Slow loading speed or high CPU usage
- Possible causes: Single-core sequential loading; Inappropriate concurrency settings; Unreasonable large file chunking strategy.
- Troubleshooting steps:
  - Set source-level/document-level concurrency: WithSourceConcurrency(N), WithDocConcurrency(M);
  - Adjust chunk size to avoid too many small chunks;
  - Temporarily disable statistics output to reduce log overhead: WithShowStats(false).
- Reference code:
  1 2 3 4 5
  err := kb.Load(ctx, knowledge.WithSourceConcurrency(runtime.NumCPU()), knowledge.WithDocConcurrency(runtime.NumCPU()*2), knowledge.WithShowStats(false), )
Storage connection failure (pgvector/TcVector)

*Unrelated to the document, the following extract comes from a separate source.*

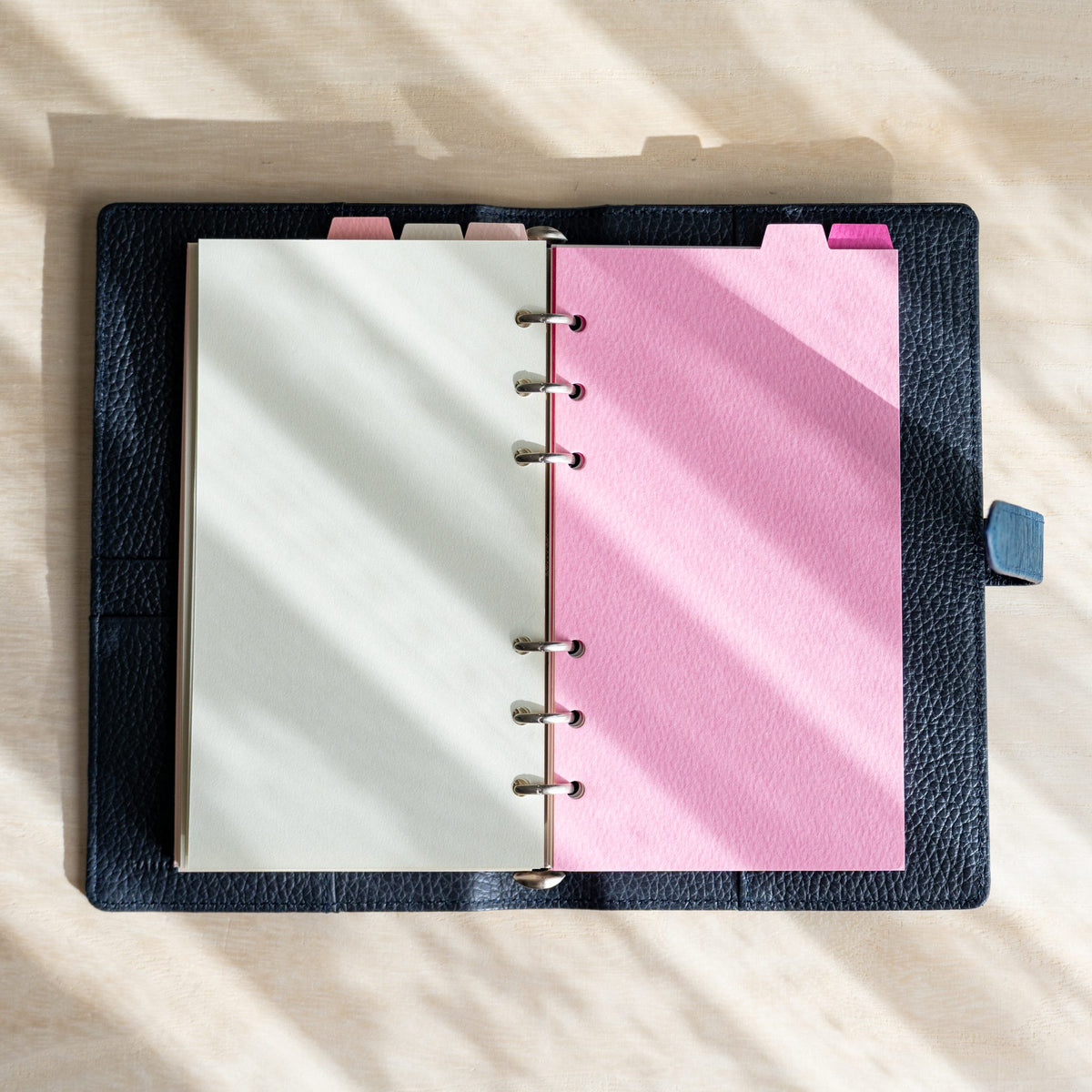 Open Ise Gikakushi Bible planner with a cream page and a bright pink Mermaid index divider on silver rings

- Possible causes: Incorrect connection parameters; Network/authentication failure; Service not started or port not accessible.
- Troubleshooting steps:
  - Use native client to connect once first (psql/curl);
  - Explicitly print current configuration (host/port/user/db/url);
  - For minimal example, only insert/query one record to verify.
High memory usage
- Possible causes: Loading too many documents at once; Chunk size/overlap too large; Similarity filtering too wide.
- Troubleshooting steps:
  - Reduce concurrency and chunk overlap;
  - Load directories in batches.
Dimension/vector mismatch
- Symptoms: Search phase errors or abnormal scores of 0.
- Troubleshooting:
  - Confirm embedding model dimension matches existing vectors (text-embedding-3-small is 1536);
  - After replacing embedding model, need to rebuild (clear and reload) vector database.
Path/format reading failure
- Symptoms: Loading logs show 0 documents or specific source errors.
- Troubleshooting:
  - Confirm files exist and extensions are supported (.md/.txt/.pdf/.csv/.json/.docx, etc.);
  - Whether directory source needs WithRecursive(true);
  - Use WithFileExtensions for whitelist filtering.
PDF file reading support
- Note: The PDF reader depends on third-party libraries. To avoid introducing unnecessary dependencies into the main module, the PDF reader uses a separate go.mod.
- Usage: To support PDF file reading, manually import the PDF reader package for registration:
  1 2 3 4
  import ( // Import PDF reader to support .pdf file parsing. _ "trpc.group/trpc-go/trpc-agent-go/knowledge/document/reader/pdf" )
- Note: Readers for other formats (.txt/.md/.csv/.json, etc.) are automatically registered and do not require manual import.